Hutchsinsons Trials demonstrate way forward for the brassica sector
Hosted by kind permission of F Daubney & Son (R Daubney)at Bayholme Farm, Old Leake, Boston in conjunction with the Allium & Brassica Centre, the trials day looked at near-market insecticide and fungicide products, early nutrition and plant health and cover cropping with a view to improving soil health in an intensive vegetable production system.
Our trials focussed on kale and brussels sprouts but the knowledge gained can then be transferred to all brassica crops, explained Peter Waldock, Hutchinsons technical support for vegetables.
“We also wanted to offer growers and agronomists the chance to recognise how and where measures can be taken in intensive vegetable production to improve soil health so we included trials on various cover cropping mixes, ”
“As well as a visual assessment of the soil structure under the different planting mixes and tillage systems, we were able to assess variations in soil microfauna using the FungiAlert sensors.”
Effective aphid management
“Many of the new products coming on the market are predominantly protectant rather than having a knock-down effect so applications have to be better timed to optimise efficacy,” said Peter.

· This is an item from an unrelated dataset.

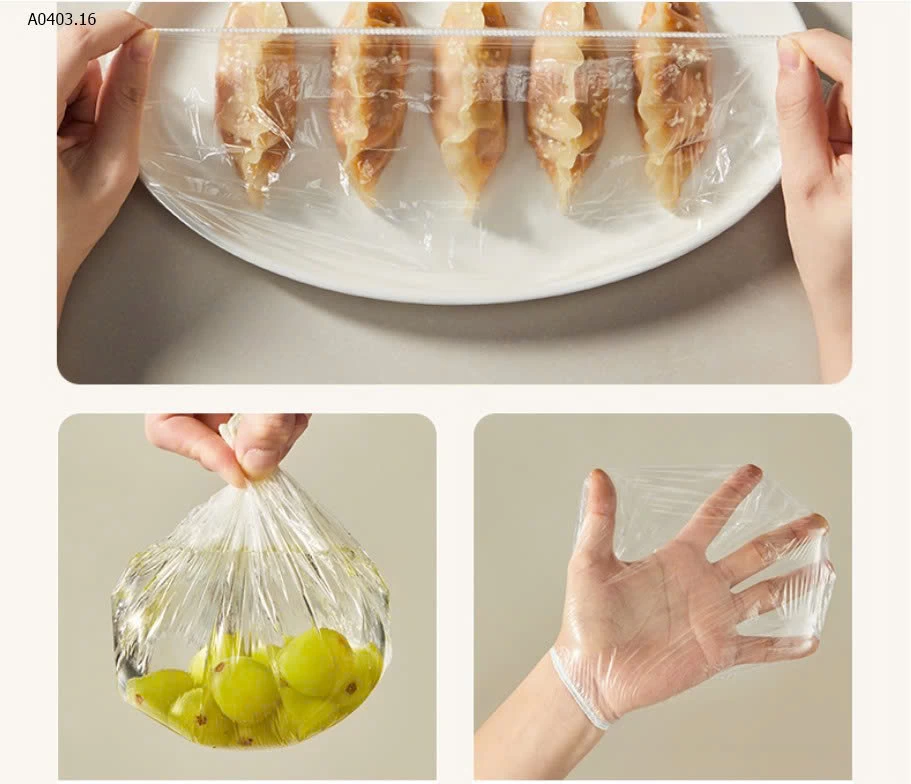 MÀNG BỌC THỰC PHẨM DẠNG TÚI TREO - Giá sỉ 62k/set 300c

“With the loss of Cruiser (Thiomethoxam) for aphid control, growers are likely to become more reliant on foliar sprays, so plots were established to look at products both on their own and in combinations.”
These plots were treated with Tracer (spinosad) for cabbage root fly control but has no effect on aphids or white fly, he explained.
“All the treatments showed positive results for aphid control, although when using Movento (spirotetramat) to get the best results it should be applied ahead of aphid populations building to give the best control.”
“Included within the trials was the forthcoming Isoclast aphicide (Closer 240SC) which should be approved ahead of next summer’s aphid pressure.”
“It demonstrated good control when compared to other aphidices in the trials and as it has minimal impact on beneficials it should fit well within IPM programs.”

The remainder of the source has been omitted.